このままでは千日手で、どちらかの魔力が無くなるのを待つしか無らず、その点で言えば、流石に魔力を大量に使うクリスティーナの方が不利だろう。
それでも彼女は諦めない。
何故?
それは、兄に任されたのだから。
何度目か分からない攻防の中、不意に女の前に少量の水が現れる。
咄嗟のことに反応の遅れた女は、目潰ししのようなかたちで水貰ってしまい、その瞬間が大きな隙となった。
女は大きく動じるが反対にクリスティーナは動じない。
彼女はこうなることを知っていたからだ。
兄がそういう性格であると知っていたからだ。
簡単なことだ、状況が拮抗しているなら、横槍を入れて貰えばいい。
怯んだ女に向かって近付き、至近距離、おおよそ顔面の前で貯めた雷をぶちかますクリスティーナ。
雷は顔面を襲ながら水を伝い、女の眼球を焼いていく。
幾ら雷に対する耐性を持つとしても、彼女の耐性は眼球まで及ばない。
たったその一手により激痛と共に失明が女を襲う。
それは圧倒的な転換期だった。
確定的な瞬間であった。
自らの力だけで解決できなかった不足を嘆くとともにクリスティーナは小さくこの状況を打破した功労者に尊敬の念を表す。
「流石です」
と。
目を焼いたことにより、圧倒的に有利となったその瞬間クリスティーナは詠唱を始め、後ろに大きく距離を取る肉体強化魔法はすでに解いている。

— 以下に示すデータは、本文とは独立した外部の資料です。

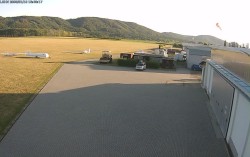 Powierzchnia lotniska, Helfštýn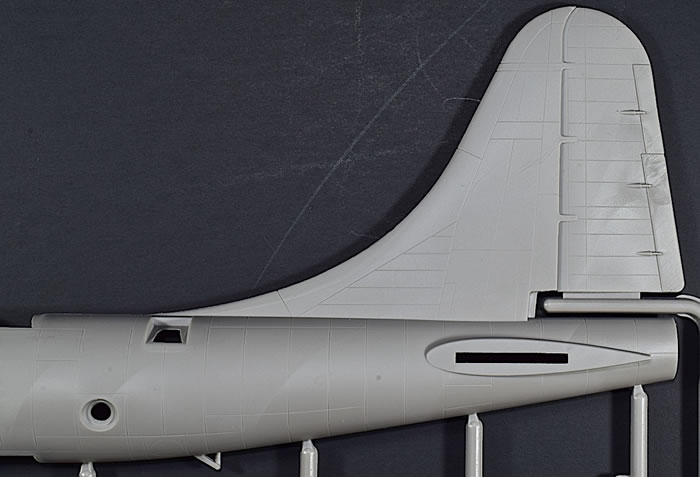 1:144 Roden 347 Early Details about   Convair B-36B Peacemaker 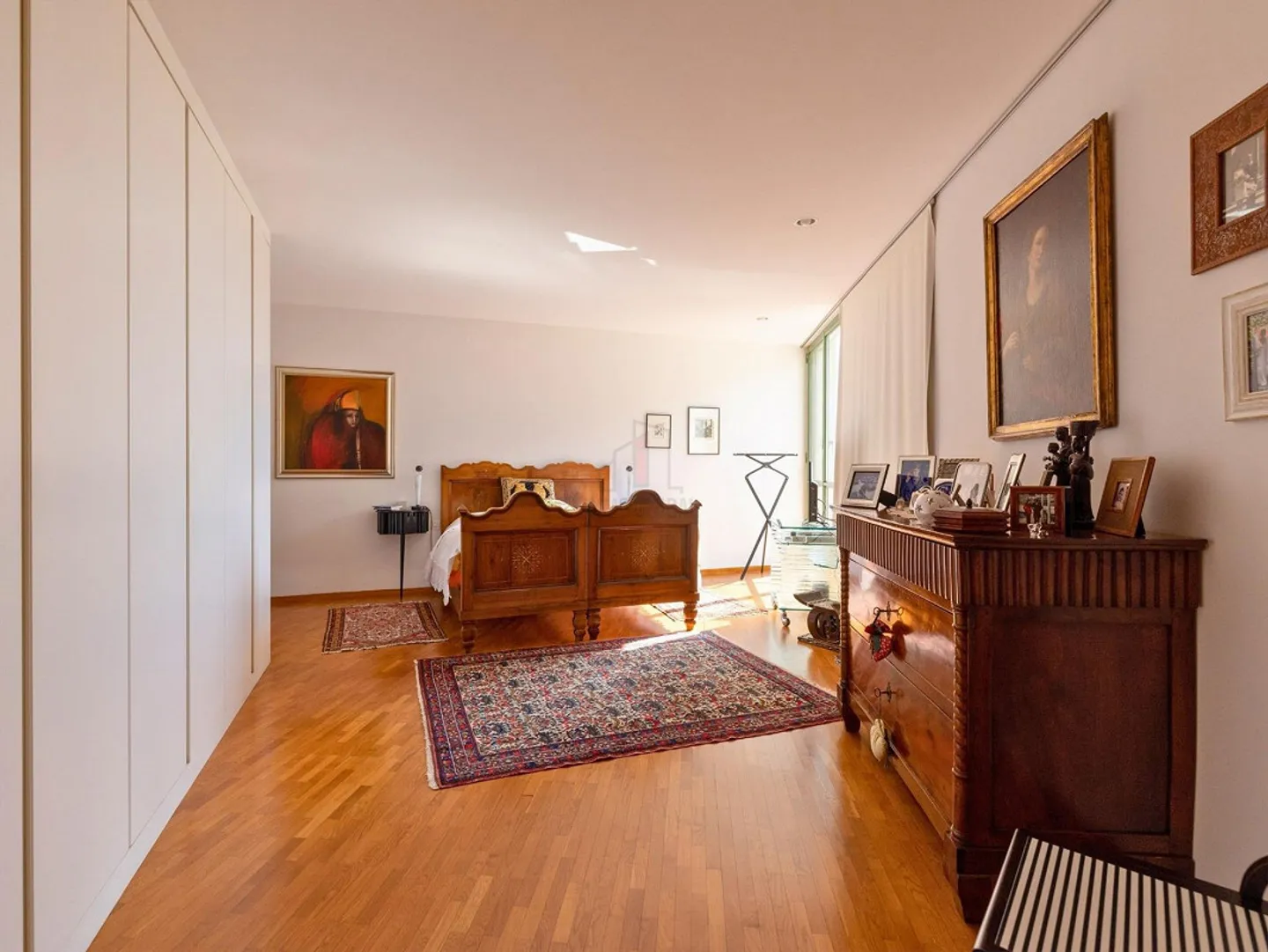 NEW PRICE, PRIVACY AND CLASS - Photo 5 of 13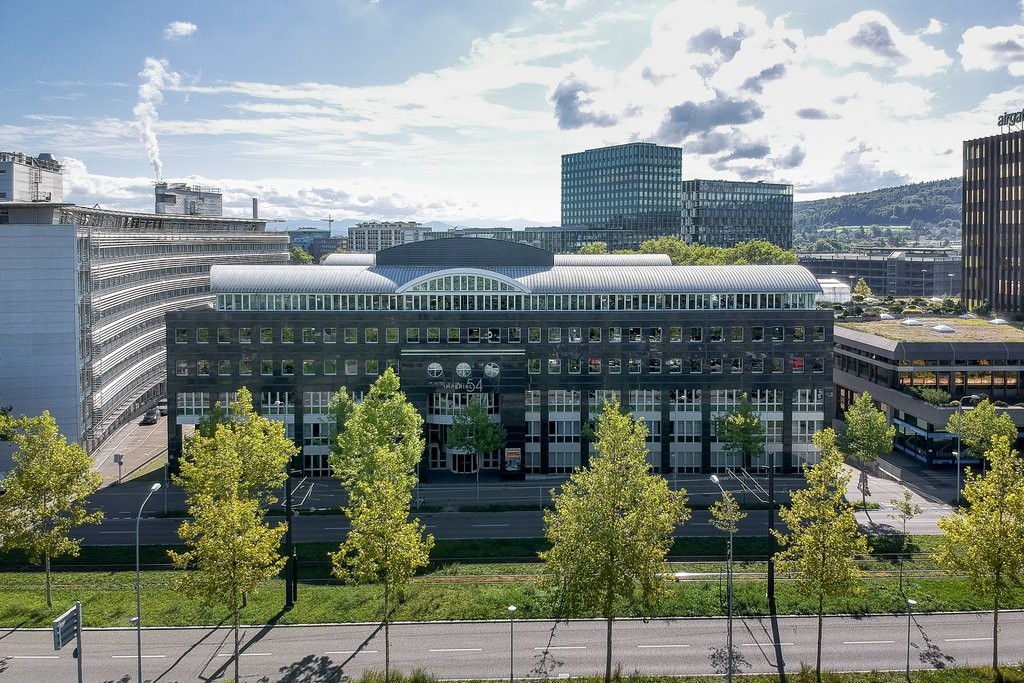 Einstellplätze beim Leutschenbach zu vermieten - 0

故意的に作られた隙は、出来なかったはずのことも選択肢に加えてくれた。
半永続化的な肉体強化も魅力的だったが、永続させるのに時間がかかってしまう。
ならば、選択は一択。
己の今出せる全ての力を詠唱に込め、利き手と共に振るわせる。
目を奪われた女の妨害は空を切り、クリスティーナには届かない。
雷を、早く、鋭く、轟かせる。
2門をフルに使ったクリスティーナの魔法は森の地形を編成させ、辺りを焦土と化した。
煙の所為で、辺りの様子は把握できないが、焼けた目も相まって女は戦闘不能であることは間違えない。
ならばと、女は捨て置き、今度は兄を援護する為に、もう1つの戦場へと振り返るクリスティーナが見たのは、
横たわり動かなくなったユークラウドだった。